Guido and I have been staying with his Uncle Gustave. His property is just outside Puerto Pollenca. It’s a gorgeous old stone farmhouse with a big dusty yard with chickens roaming around, and one very serious and anxious looking turkey who clucks a lot. Let’s just say you’d cluck a lot too if you were a turkey and it was just over three months til Christmas.
Once I’d turned up at the celebrations for Cousin Carlos (with the two left feet), Uncle Gustave decided to take me under his wing. I think it was something to do with the fact that I insisted on wearing my Vivienne Westwood suit to the party. It’s bright, it’s red, and it’s a big plaid tartan. But it’s more than that. It’s made of wool, it was thirty one degrees in the shade, and I was sweating like a hog. Is your new husband, Uncle Gustave asked Guido tentatively, a lunatic? Well, yes but I do feel now we’re related everyone should know I’m a complete basket case. Anyway, late on Saturday night Uncle Gustave decided to step in. With the help of Google translate and a lot of hand waving he told me he was going to take me out on one of his infamous hunting trips.
Much later in bed, as I listened to Guido’s deafening snoring, two important thoughts kept whirring around my brain:
1. This bedroom would look so much better with a Ralph Lauren throw and matching lamps, and;
2. Had Uncle Gustave ever seen the movie, Deliverance? It could explain why his turkey looked like he was constantly on the verge of having a nervous breakdown.
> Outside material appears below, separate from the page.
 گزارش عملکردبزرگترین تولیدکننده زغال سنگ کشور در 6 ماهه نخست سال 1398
So bright and early with sun up at seven a.m. the following morning I heard a rat tat tat on our bedroom window. It was Uncle Gustave’s bony old knuckle. Guido was still completely unconscious when I left so thankfully he was blissfully unaware that I was climbing onto the back of a clapped out old scooter with an arthritic octogenarian and a completely null and void travel insurance policy.
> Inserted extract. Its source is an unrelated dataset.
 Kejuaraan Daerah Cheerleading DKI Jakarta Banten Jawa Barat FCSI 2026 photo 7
“Rapido!” waved Uncle Gustave, “Rapido!” What will be will be, I thought. I’m not religious but I said a brief prayer.
Of course I needn’t have worried about killing anything, or shooting my foot. Our “hunt” involved a pair of rusty and blunt old scissors and a half dozen wild caper bushes. They were just where you’d least expect to find them. A tumble down bridge, a deserted finca, a fountain in a local square and Uncle Gustave’s neighbour Rita – with the bell tower. Ring a ding.
But who’d have thought that he’d be to salted pickling vegetables what I am to saving South London from random and thoughtless wall papering?
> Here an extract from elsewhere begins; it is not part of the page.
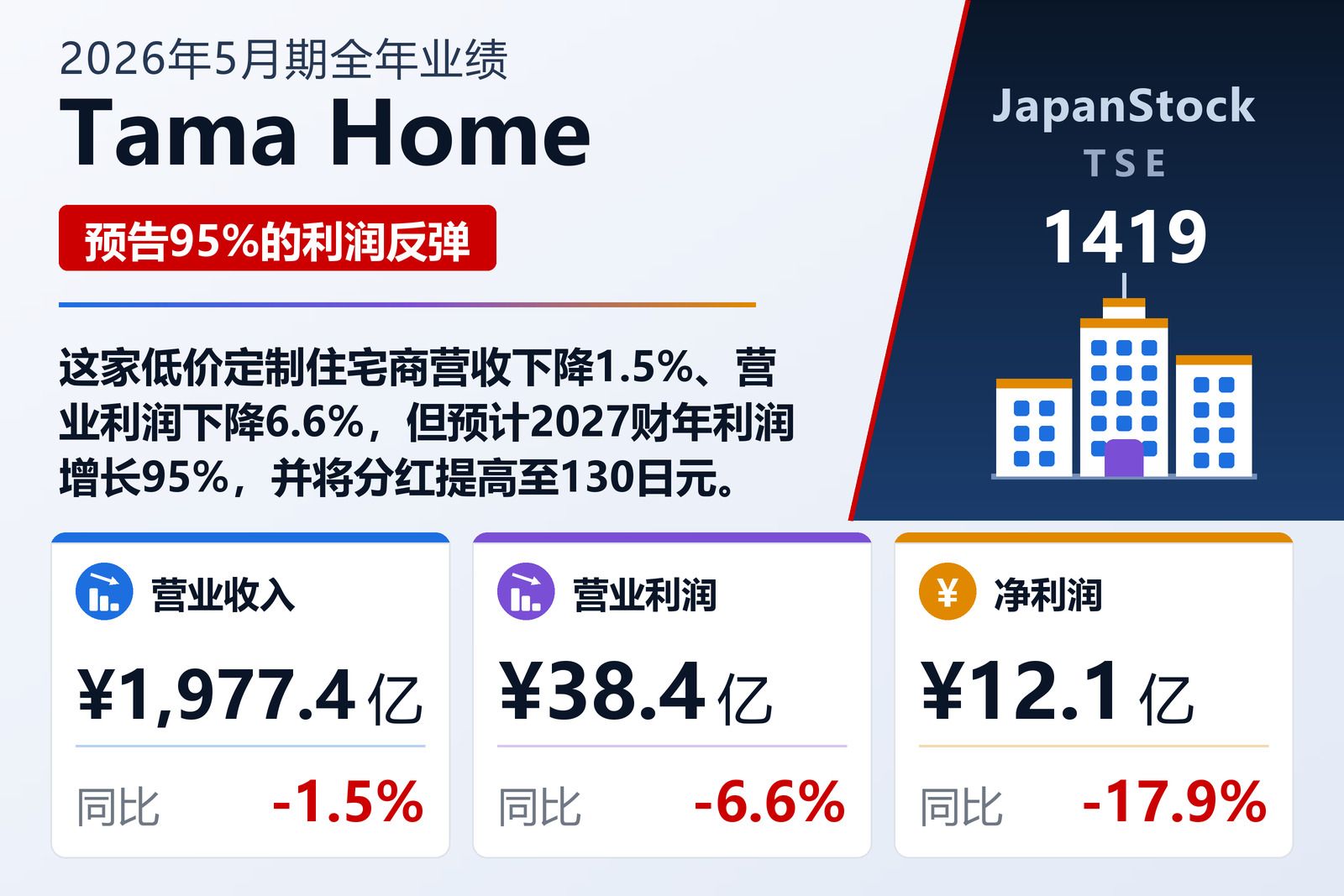 Tama Home 2026年5月期全年业绩摘要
In the yard tonight Guido wrapped freshly caught hake, garlic butter, and a sprinkling of capers in foil. He set it over hot coals on the bar-b-q. Then, after dinner, I happily listened to him and Gustave talking Spanish. Every so often Guido would take his uncle’s hand, or they would gently embrace, or they’d just raise their wine glasses in a knowing toast.
Watching them gave me that warm tingling feeling. The one that makes you feel everything is good in the world. And that if only once in our lives, everyone could get the chance to go hunting with someone just like Uncle Gustave.